Hello, I have a dynamodb local instance running on my Windows 11 system and have been testing the batch write feature of DynamoDB. I'm using ASP.NET Core and am using the high-level DynamoDBContext class to perform the writes. The writes are working and that's not an issue. What I'm curious about is what the SQLLite logs are showing. The server states this:
INFO com.amazonaws.services.dynamodbv2.local.server.LocalDynamoDBServerHandler - target: BatchWriteItem
And then dozens, if not hundreds of these lines show up immediately after:
[SQLiteQueue[shared-local-instance.db]] DEBUG com.amazonaws.services.dynamodbv2.local.shared.access.sqlite.SQLiteDBAccessJob - SELECT StreamID FROM sm WHERE TableName = ? AND (DeletionDateTime IS NULL OR DeletionDateTime > ?) ORDER BY CreationDateTime DESC LIMIT 1;
And then, finally, I see the batch write HTTP request show up. Is this something I should be concerned about? Is this specific to the local dynamoDB implementation? I don't have any sort of code logic that's sending reads in parallel with the batch writes in this situation. Any insight on what these logs mean would be awesome.
UPDATE 7/21/2022:
A user asked for the code snippet and dynamodb local version. I'm using version 1.18.0 and this is the downloaded version, not Docker.

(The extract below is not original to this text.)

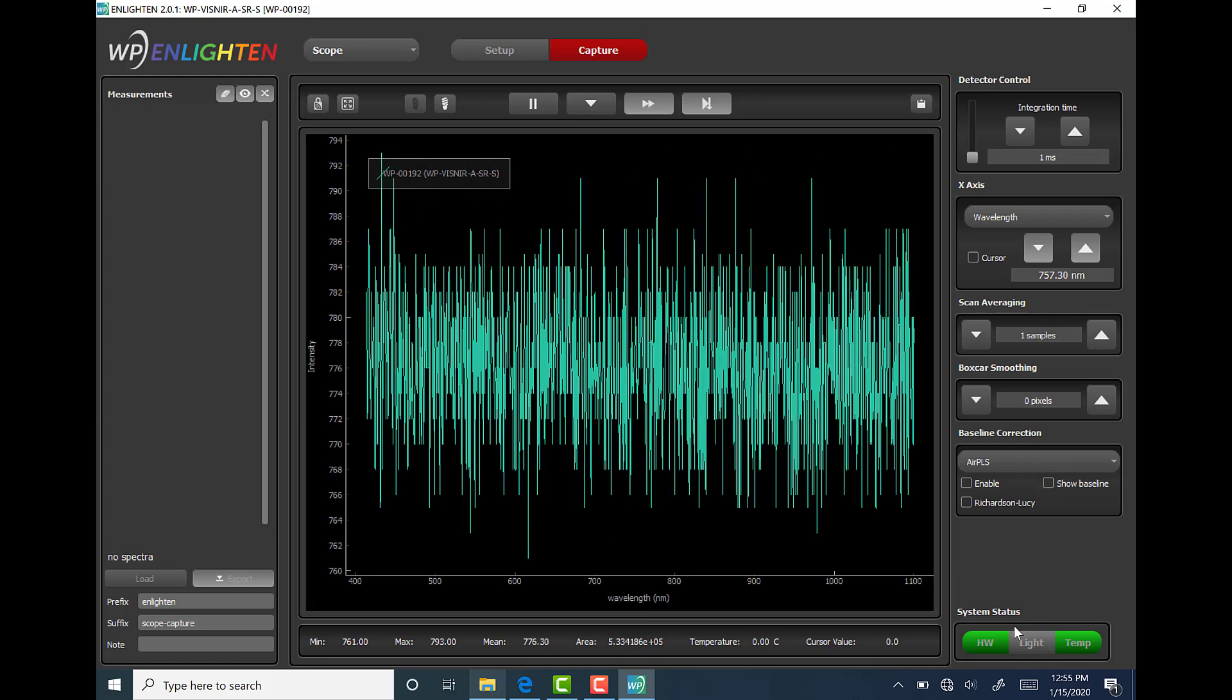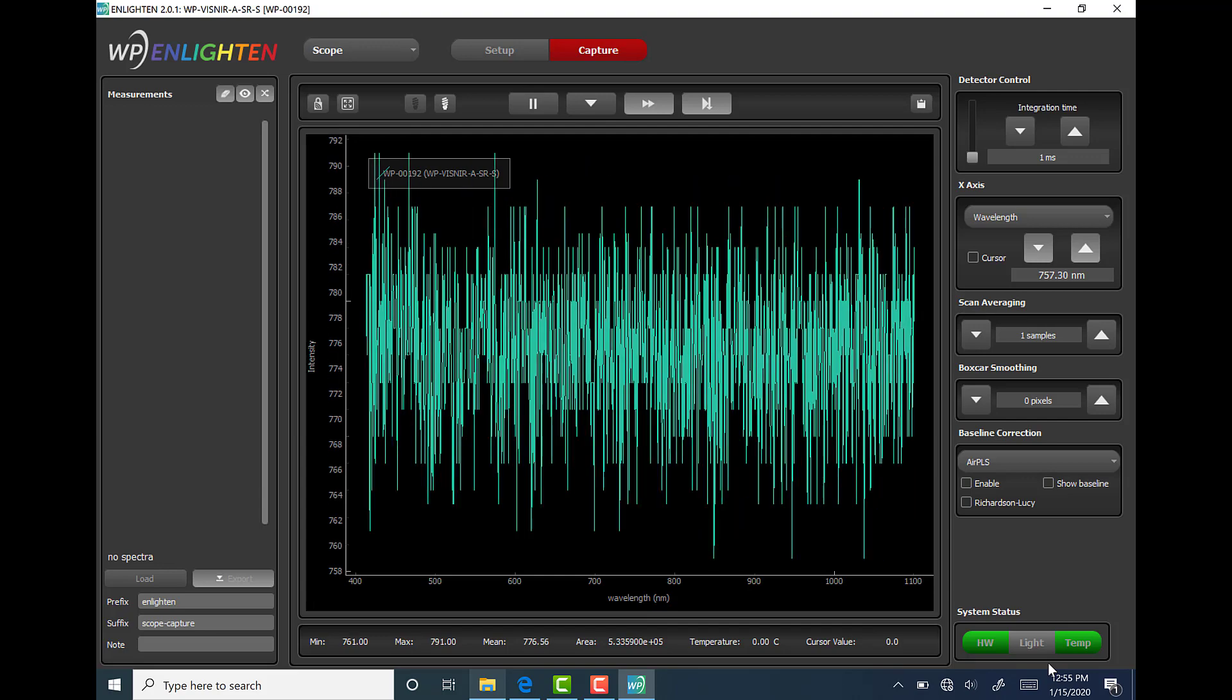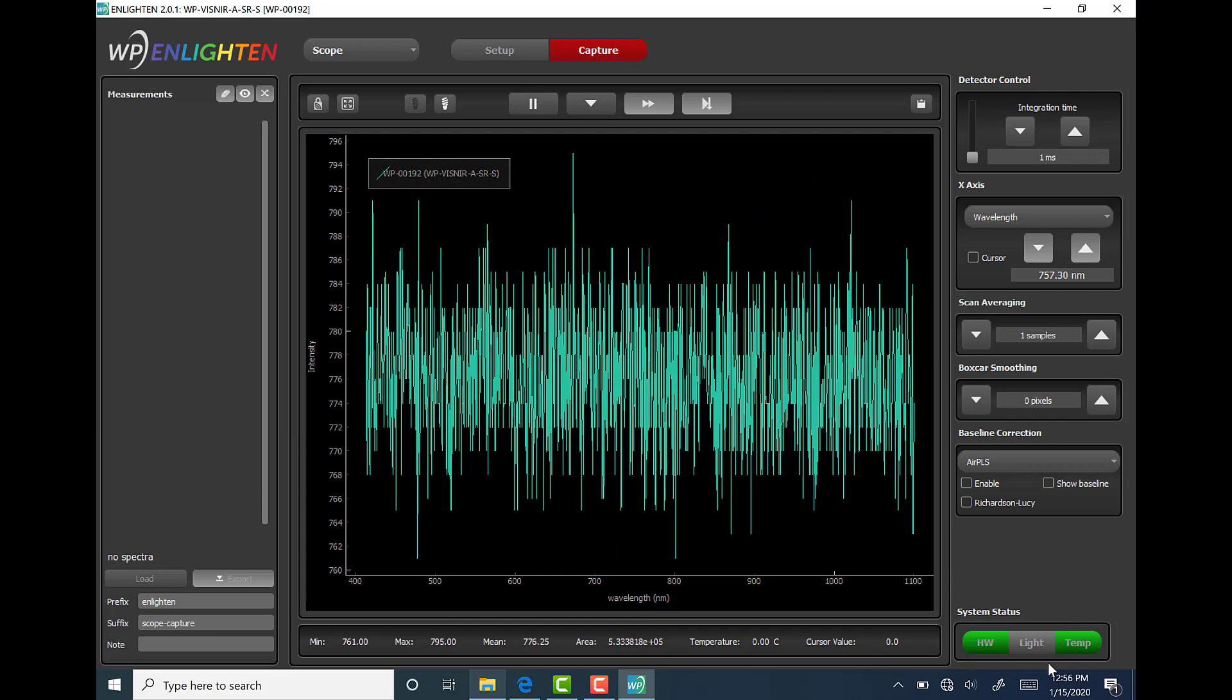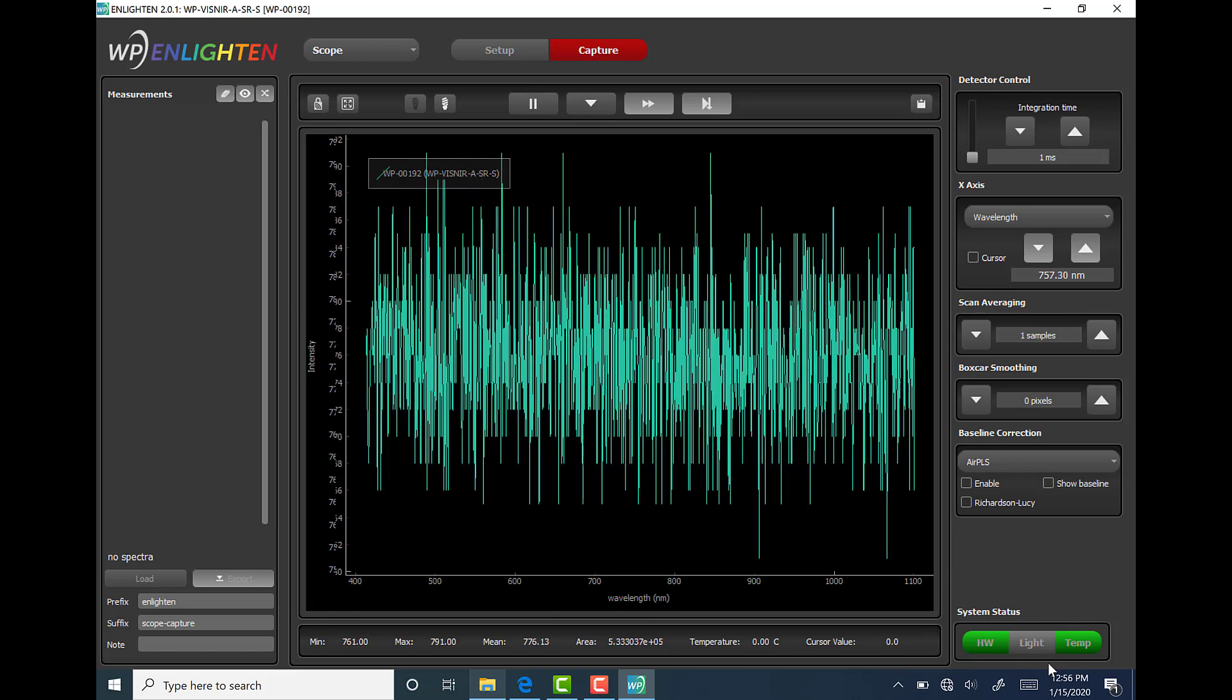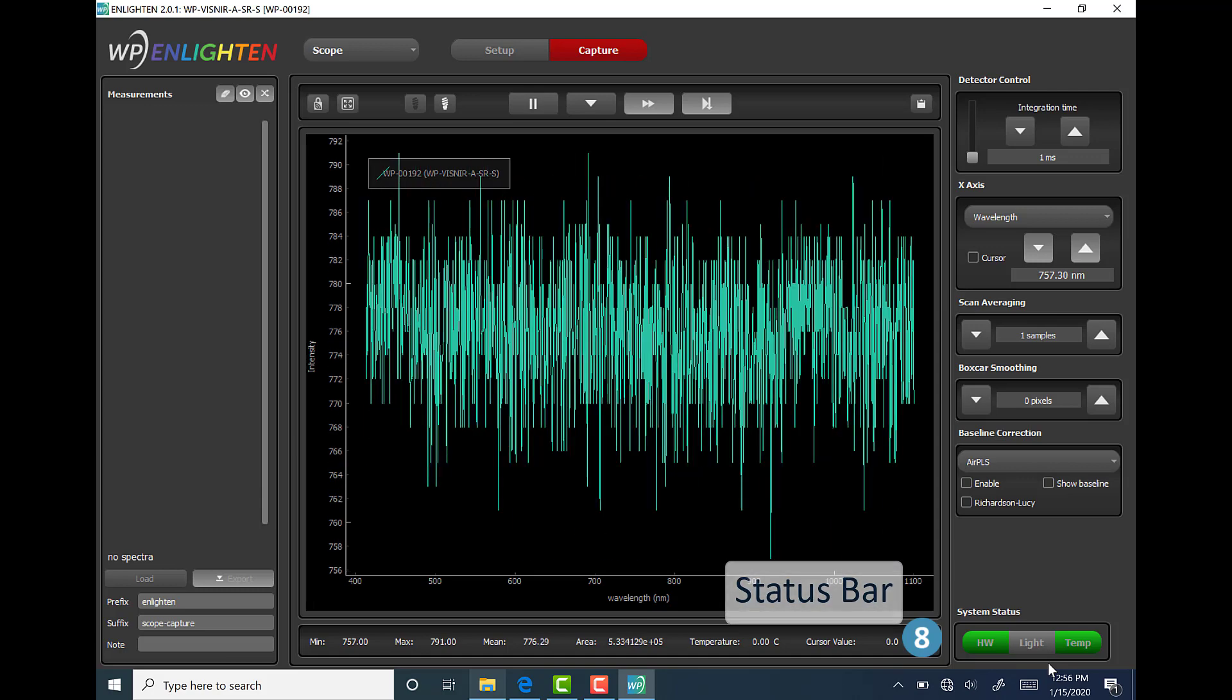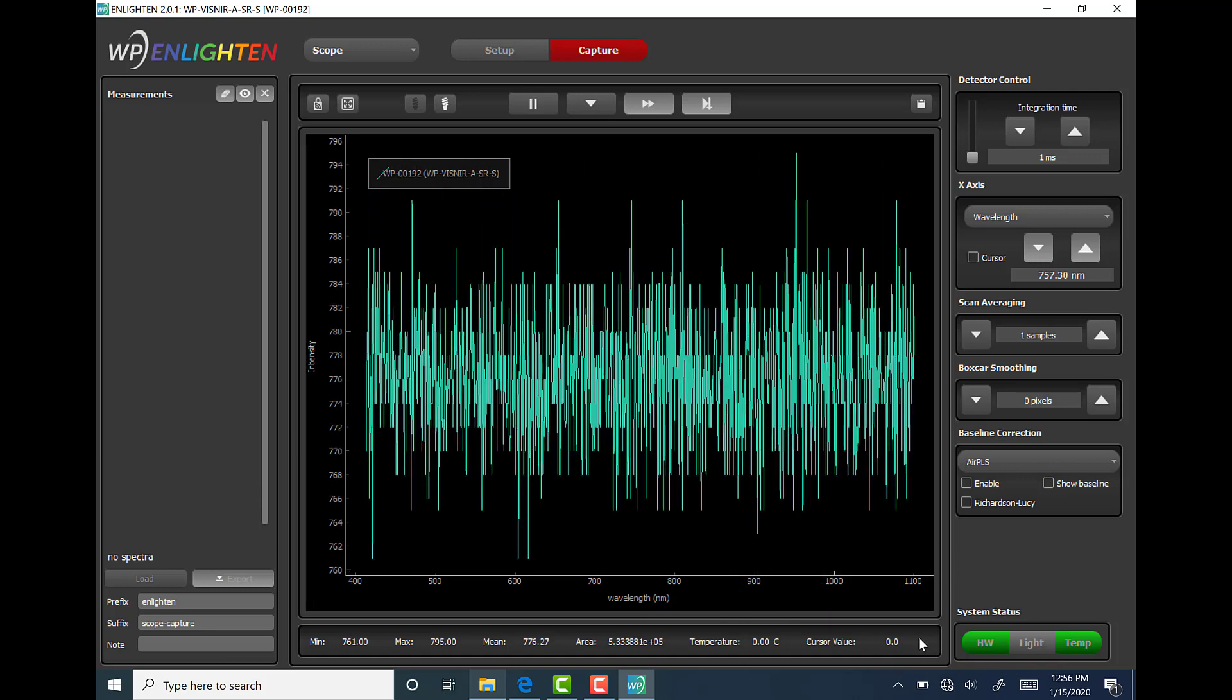For example, in my window, light is grayed out because the visible near infrared spectrometer that I have connected currently doesn't have an internal light source such as a laser.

Code snippet where the task is fired off in parallel. This is awaited later on in the method. Only 25 items are batched at once:
BatchWrite<DynamoBGCLog> batchWriter = this.dynamo.CreateBatchWrite<DynamoBGCLog>();
batchWriter.AddPutItems(logsToWrite);
logsToWrite.Clear(); // empty out the bag
writeTasks.Add(
Task.Run(
() => BGCUtilities.BackoffAsync(
() => batchWriter.ExecuteAsync(abortToken),
maxRetries: 30,
maxRetryTimeMS: 5000,
abortToken: token),
token));
Thanks!
Can you share the code snippet used for BatchWrite and also the version of DynamoDB Local which you are using and on which platform (docker or direct download).
I updated the original post with these details. Dmitry Balabanov provided an answer that seems to answer my question. But sharing this info seems helpful anyways. Thanks!